I hate hate hate being a product of courtship philosophy. I hate it. It just never goes away. You always feel awkward if you so much as tell a girl she looks beautiful, much less try to kiss her or anything like that. And I’m trying not to put pressure on myself to do those things because I’m just trying to swear off pressure in general. But there’s always a voice in the back of my head telling me that if I don’t make any moves I won’t be “exciting” enough for any girl I would actually fall for. If I make any moves, of course, there’s lots of other voices telling me that I’m dishonoring her and turning her into an object blah blah blah. And with all the voices going on I can’t really hear common sense, or her body language, or anything else I should be listening to rather than all my fears.

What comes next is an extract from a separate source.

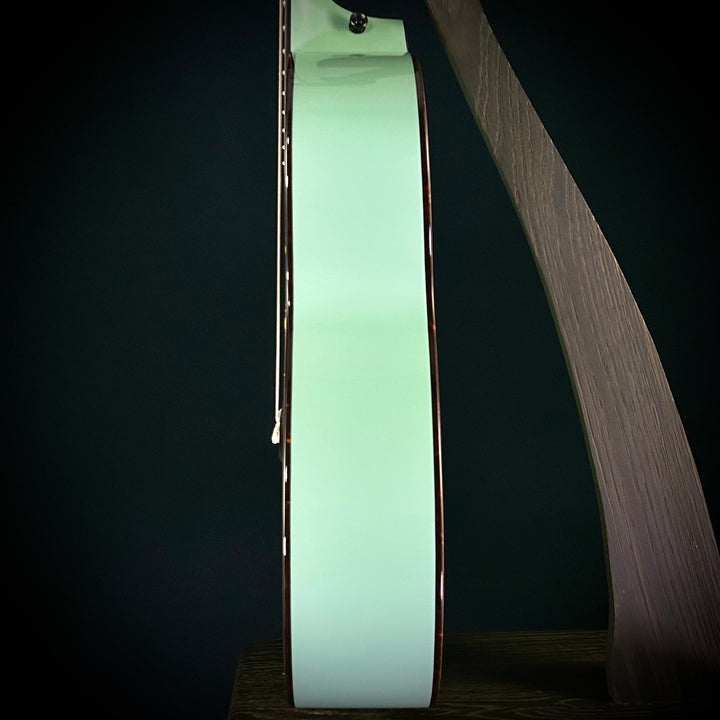 Taylor Custom #7 C14e - Fern Green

I am happy being single for the first time in my life. I’ve finally accepted myself as a real, interesting, awesome person all by myself. I don’t get bored as much as I used to, I don’t feel an immense weight of loneliness crashing in on me, I don’t envy happy couples I hang out with and then go home and cry. I’m OK.

In Japan, anyway.

Here it seems like the stakes are higher and all the baggage just comes crashing back in.

Maybe that’s why I’m posting again. The last month or so I’ve felt emotionally drained, devoid of creativity, and not really wanting to face all the misery, shame, and loneliness that courtship, Christian dating, quiverfull, homeschooling, and related philosophies have caused. I just want to leave it all behind and start over with real people who haven’t sold their souls to some religious ideal.

But I want to do this; I want to make a difference. There are more and more voices speaking out every day against these forms of abuse, and that gives me hope for the future. It has already been immensely reassuring this year as I’ve realized that there are TONS of people like me and that having a weird fundamentalist past gives me common ground with A LOT of people. Better people, in fact, than the one-dimensional paper dolls our culture glorifies. And better than the sick minds who stay at the helm of these twisted movements.